*** SUPPLIED DATA Section Begins ***

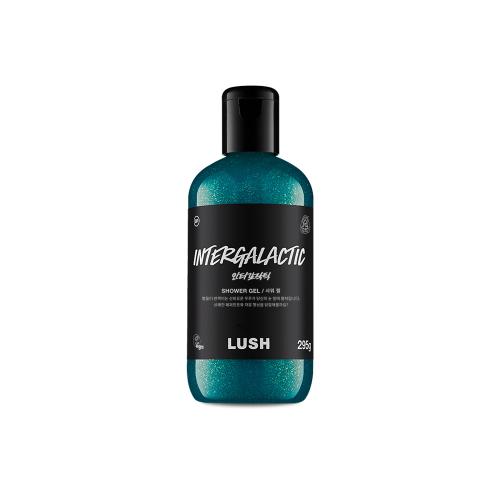 Lush Intergalactic 295g Shower Gel Body Wash NONE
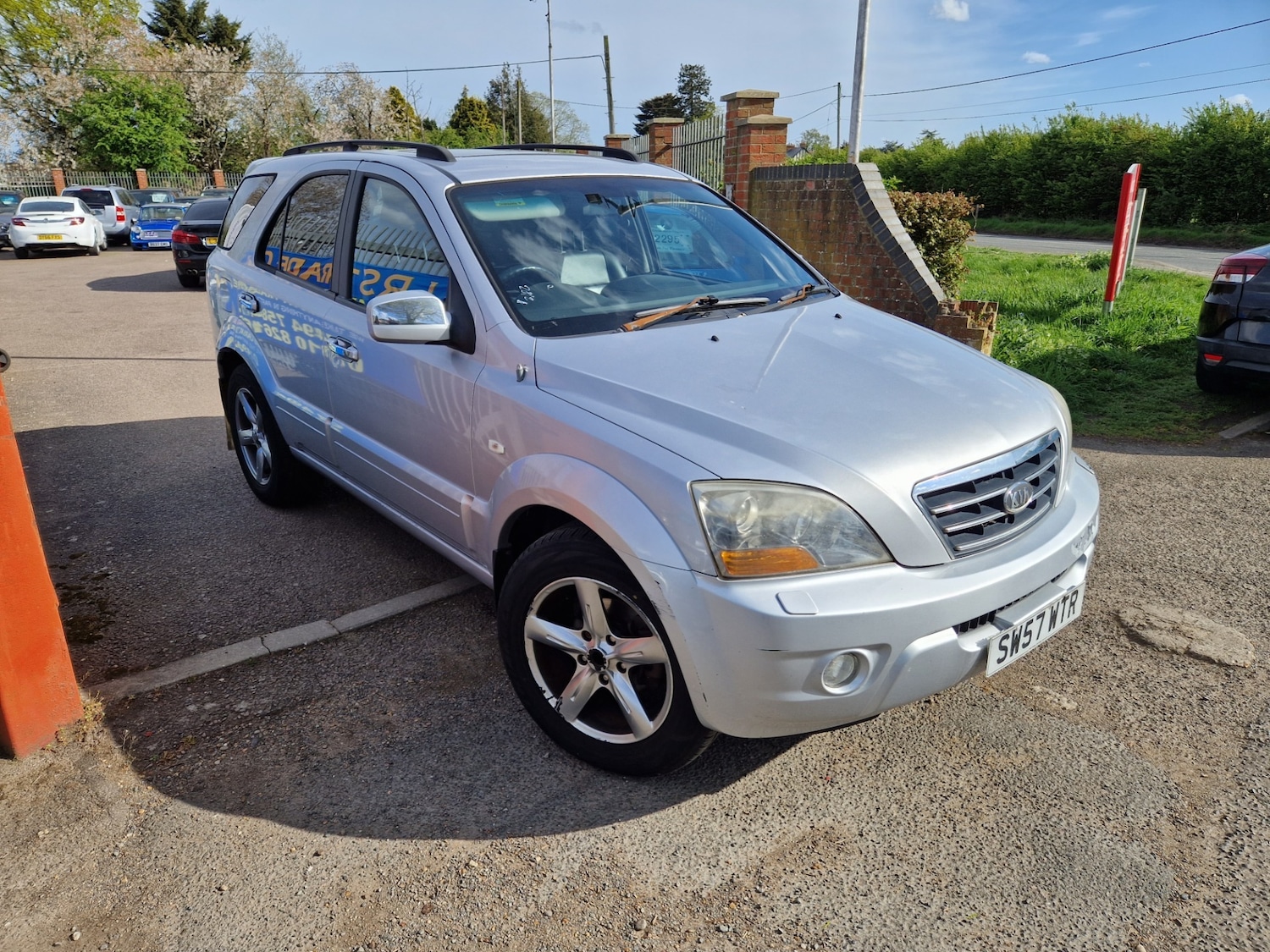 Used Kia Sorento 2008 for sale - 77435268: Photo 3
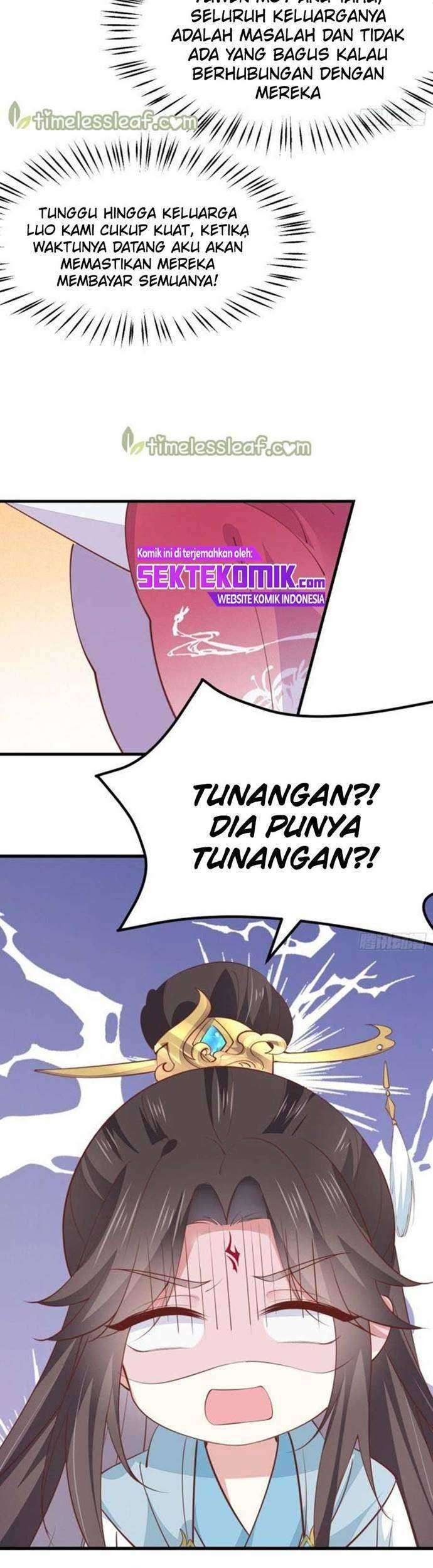 Pupillary Master Chapter 135 - halaman 32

*** SUPPLIED DATA Section Ends ***

:: WHAT YOU WILL DO ::
The answer must repeat every line of the listing exactly and leave the pictures out.

:: RESULT OF THE EXERCISE ::
 Lush Intergalactic 295g Shower Gel Body Wash NONE
 Used Kia Sorento 2008 for sale - 77435268: Photo 3
 Pupillary Master Chapter 135 - halaman 32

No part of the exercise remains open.